In the U.S., many are getting restless in the neomedieval climate, with an immensely strong China despite all its difficulties. China is one of the few dossiers on which Democrats and Republicans can still regularly find common ground. However, this only goes so far.
Within the GOP, there are quite a few voices claiming that despite a fairly hardline China policy, the Biden administration is still far too soft on Beijing.
Hardliners argue that America must first ramp up tensions by taking a harder line against the CCP to bring about more stability and calm in the longer term. This includes sharply increasing defense spending, restoring U.S. primacy in Asia and putting more American troops within firing range of China.
But it also includes removing China’s permanent normal trade relations status and implementing an even more protectionist policy. They also believe U.S. society as a whole should wake up to the fact that China is an enemy, which would prompt Americans to stop using TikTok altogether, for example.
Given the above, tensions between China and the U.S. are likely to increase rather than decrease and turn into a decades-long struggle.
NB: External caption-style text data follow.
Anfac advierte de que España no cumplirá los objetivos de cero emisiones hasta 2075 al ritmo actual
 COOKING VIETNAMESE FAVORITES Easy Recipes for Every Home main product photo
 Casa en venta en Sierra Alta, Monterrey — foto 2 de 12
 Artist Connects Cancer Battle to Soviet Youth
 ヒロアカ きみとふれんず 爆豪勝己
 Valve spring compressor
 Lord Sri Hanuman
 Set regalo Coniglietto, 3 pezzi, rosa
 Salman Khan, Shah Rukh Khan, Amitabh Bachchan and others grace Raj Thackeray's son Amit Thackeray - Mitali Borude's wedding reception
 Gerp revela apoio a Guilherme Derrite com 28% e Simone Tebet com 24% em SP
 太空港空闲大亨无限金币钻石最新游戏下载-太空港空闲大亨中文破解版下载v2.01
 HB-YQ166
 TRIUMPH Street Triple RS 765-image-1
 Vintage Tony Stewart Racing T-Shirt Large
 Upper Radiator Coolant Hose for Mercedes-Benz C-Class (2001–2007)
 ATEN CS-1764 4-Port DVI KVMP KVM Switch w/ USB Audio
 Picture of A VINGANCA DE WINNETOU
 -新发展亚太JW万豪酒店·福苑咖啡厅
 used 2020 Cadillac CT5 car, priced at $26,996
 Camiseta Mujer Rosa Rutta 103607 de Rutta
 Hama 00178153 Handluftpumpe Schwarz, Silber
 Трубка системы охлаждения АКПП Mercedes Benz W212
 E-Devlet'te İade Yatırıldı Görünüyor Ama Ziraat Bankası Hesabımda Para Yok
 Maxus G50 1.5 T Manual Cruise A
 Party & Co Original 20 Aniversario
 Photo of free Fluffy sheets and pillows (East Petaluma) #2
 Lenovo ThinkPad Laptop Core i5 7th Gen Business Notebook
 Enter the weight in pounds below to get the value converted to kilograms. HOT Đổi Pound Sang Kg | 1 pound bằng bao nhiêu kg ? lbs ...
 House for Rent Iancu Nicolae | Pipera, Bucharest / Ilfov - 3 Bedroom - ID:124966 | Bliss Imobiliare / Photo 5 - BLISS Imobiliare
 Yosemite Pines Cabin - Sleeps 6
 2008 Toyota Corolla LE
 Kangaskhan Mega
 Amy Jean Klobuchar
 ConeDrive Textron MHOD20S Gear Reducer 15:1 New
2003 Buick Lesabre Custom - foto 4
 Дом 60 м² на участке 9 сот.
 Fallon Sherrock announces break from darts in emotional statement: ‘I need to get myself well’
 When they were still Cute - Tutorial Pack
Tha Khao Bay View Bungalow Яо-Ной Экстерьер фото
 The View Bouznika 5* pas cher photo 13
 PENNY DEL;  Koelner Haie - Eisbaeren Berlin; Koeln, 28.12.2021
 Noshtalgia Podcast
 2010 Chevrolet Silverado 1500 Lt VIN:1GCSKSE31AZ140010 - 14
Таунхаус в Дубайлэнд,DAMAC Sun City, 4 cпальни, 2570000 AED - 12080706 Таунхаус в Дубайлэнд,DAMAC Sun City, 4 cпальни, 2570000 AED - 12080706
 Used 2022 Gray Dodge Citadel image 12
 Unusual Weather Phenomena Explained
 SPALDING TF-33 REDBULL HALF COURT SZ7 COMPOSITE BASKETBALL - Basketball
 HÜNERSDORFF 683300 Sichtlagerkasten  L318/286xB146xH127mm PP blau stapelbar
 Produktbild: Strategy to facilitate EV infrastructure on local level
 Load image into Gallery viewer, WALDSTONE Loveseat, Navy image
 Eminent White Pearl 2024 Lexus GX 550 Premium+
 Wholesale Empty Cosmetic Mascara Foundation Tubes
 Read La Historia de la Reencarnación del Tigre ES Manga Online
And not just if Trump wins the election and Republicans take over Congress.
Biden recently said: “We don’t let tyrants win; we oppose them. We don’t merely watch global events unfold; we shape them. That’s what it means to be the … indispensable nation. That’s what it means to be the world’s superpower.”
Such statements leave little room for China.
Andy Langenkamp is a senior strategic analyst at ECR Research & ICC Consultants.